No, you can't sell a book to someone and then sue anyone who reads the book, upside down.

That would be ridiculous. If you don't want someone reading your book upside down, or training on it, then don't sell books.




You assume that "training" and human learning are similar things.

This is a bit like saying that taking a holiday picture of someone, and putting a surveillance camera on the street are the same thing.

I think many books actually prohibit the storage into an information retrieval system and AI can be considered a form of that.


> You assume that "training" and human learning are similar things.

No I don't. Because a human is choosing to enact the training regardless.

Just like if a human held a book up to a rock. It would be ridiculous that an author could ban a human from "training" a rock from a book. Its their book, and they can show it to a rock if they want!


If you buy a DVD and show it at work, then that's also ok, because it is your DVD and you can do with it whatever you want?
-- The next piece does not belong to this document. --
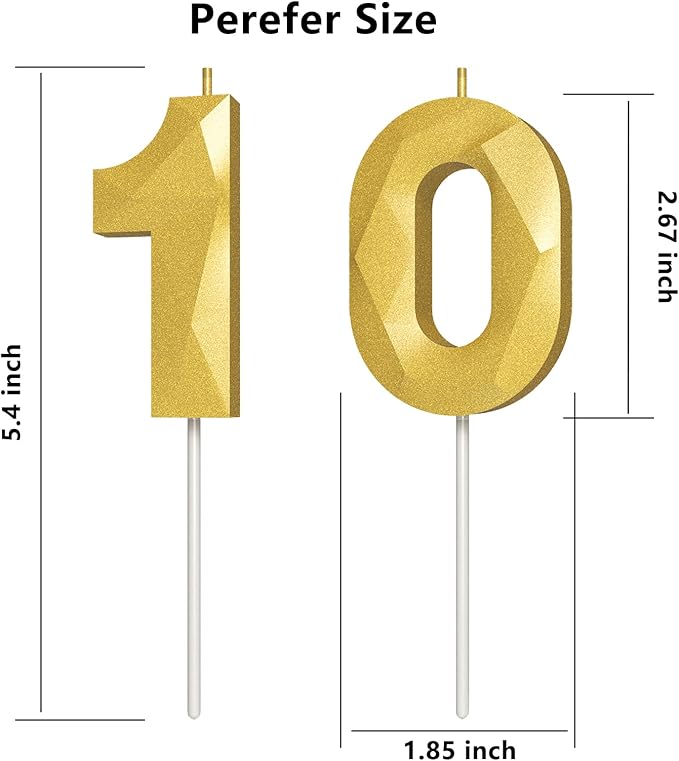 Number Birthday Candles(10 Candle Gold) 3D Diamond Shape Number Happy Birthday Cake Candles for Birthday Party Wedding Decoration Reunions Theme Party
Turns out, nope, that's not ok.


> show it at work

No that distribution.

So my point stands. If you sell someone a book, you can't just put arbitrary restrictions on it. You cannot ban someone from training a model on it, nor ban you ban someone freak reading it upside down, or showing it to a rock.

You tried to claim that basically any restriction can be put on how something is used. Thats simply not true. Distribution is a specific carve out that has regulations on it.

But someone absolutely could train a model, as well as read it upside, or show it to a rock.